A new interpretation by the United States Citizenship and Immigration Services will allow extending the period of time in which a person is considered eligible after reaching the age of 21, which until now was automatically left out of the process.
This, taking into consideration the approved petitions of their parents for a family-sponsored or employment-based visa.
In short, if a person turns 21 and over the age of 21 during the immigration process, they are most likely no longer eligible to process with the parent at the request of the parent, unless they can be considered under 21 under the CSPA calculations and the efforts made to “freeze” the CSPA age.
The new policy allows USCIS to use the Department of State’s Visa Bulletin ‘Filing Dates’ box, rather than the ‘Final Action Date’ box, to determine when a visa is available.
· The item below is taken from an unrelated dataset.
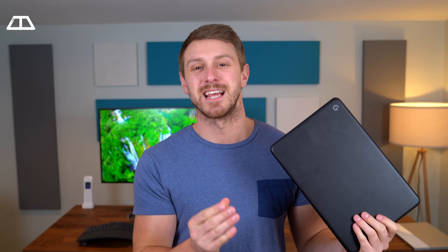Hey everyone, Tim Schofield here. It's time to do a review of Google's latest Chromebook, the Pixelbook Go, and there's a few things I want you to keep in mind going forward into this review.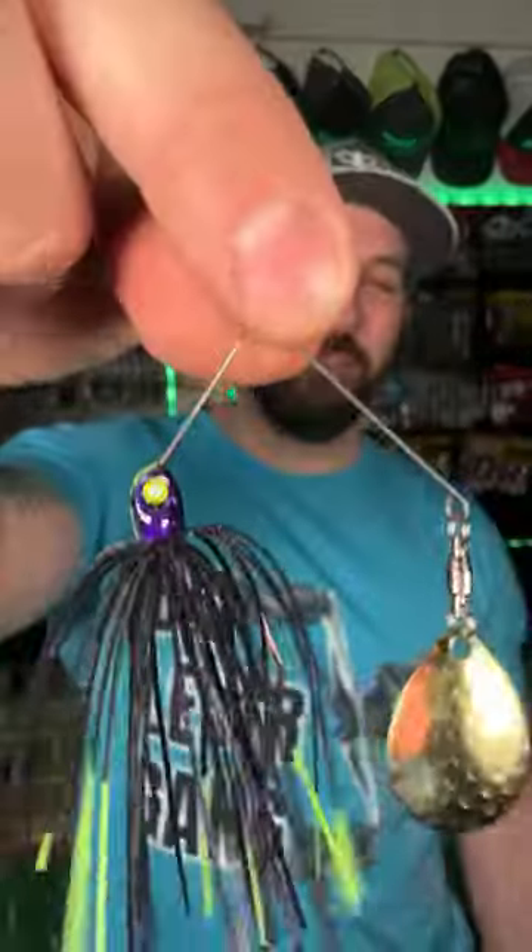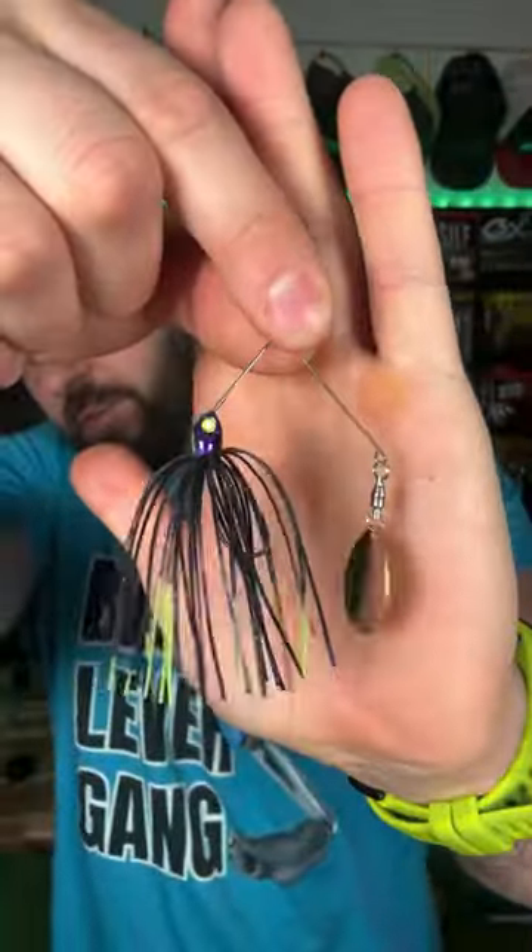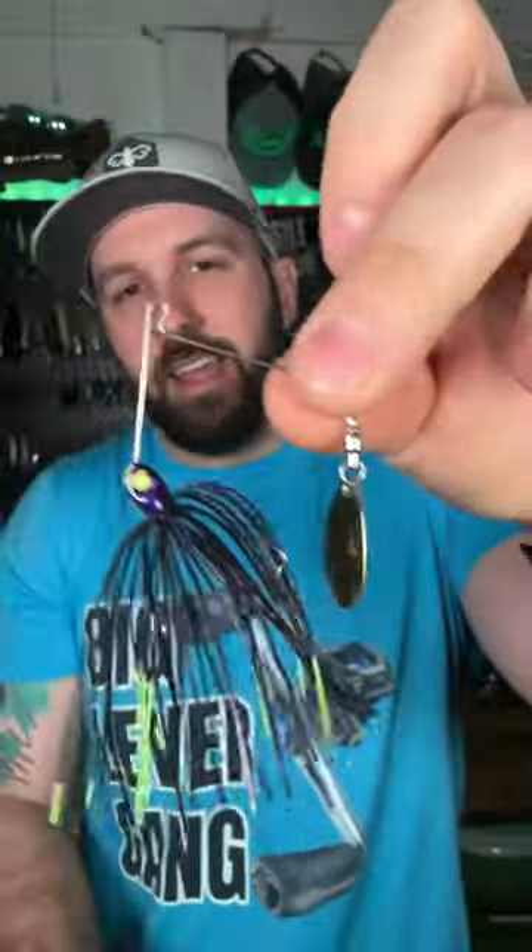Have you ever fished an ultralight spinnerbait? Never? We just picked this one up from Pig Jigs — this is actually our own custom color. They called us up and said, 'Hey, if you could make a color of a 1/16th ounce spinner jig, what color would you make?'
Dennis Tristani of Tristani Law LLC stated that “USCIS’s new interpretation of the CSPA expands the time period in which a visa is considered to be available for CSPA purposes.”
In addition, he adds that “this is incredibly beneficial and will allow more dependent children of EB-5 investors to freeze their CSPA age below 21 and continue the green card process with their family.”
USCIS adjusts policy to prevent children from overage
As reported by the entity, the new policy change will take effect immediately and will also be applied retroactively to pending applications.
USCIS further advised that some people with a pending application may now have a CSPA age under 21 based on this change and the use of the Filing Dates table to calculate the ages of these non-citizens.
Dennis Tristani explained that the March 2023 visa bulletin is a good example of the review. The “Filing Dates” box is used to confirm when an applicant can begin the Green Card application process at a US Consulate abroad or file Form I-485 to adjust status in the US. USA
For example, it notes that the March 2023 visa bulletin shows that the cut-off date for determining visa availability for an Indian-born EB-5 applicant is June 1, 2018. But, the cut-off date in the Table B is December 8, 2019, which makes a difference of more than 17 months.
In practice, it says that means that if USCIS is using the dates in Table B to accept Form I-485, Applications for Adjustment of Status, then a family can file Form I-485 in March 2023 and “set the age of your child if the I-526 petition was filed before December 8, 2019 and not June 1, 2018.”
Tristani further said that this is a huge advantage as it “includes a much larger pool of potential I-485 applicants who filed their I-526 petition between June 2018 and December 2019 who can now take advantage of the I-485 application process. 485 and guarantee that their dependent children will receive green cards with the rest of their family.
Setting the age for children of EB-5 investors
It is important to note that Box B can only be used to determine visa availability for CSPA purposes when USCIS confirms that it is using Box B to determine when to accept I-485 applications, which USCIS typically does a few days after the next month. The visa bulletin is published and posted on their website.
Also, once USCIS files and accepts the Form I-485, it says that the age of the child is frozen below 21 years of age. “The child’s age will remain locked and their I-485 will remain pending, even if the dates in Box B regress due to movement in the visa bulletin.”
The agency also said that non-citizens can file a motion, within 30 days of the decision, to reopen their previously denied adjustment of status application with USCIS by using Form I-290B, Notice of Appeal or Motion.
USCIS may, at its discretion, excuse motions filed more than 30 days after the denial, if there is evidence that the delay was reasonable and beyond the control of a non-citizen.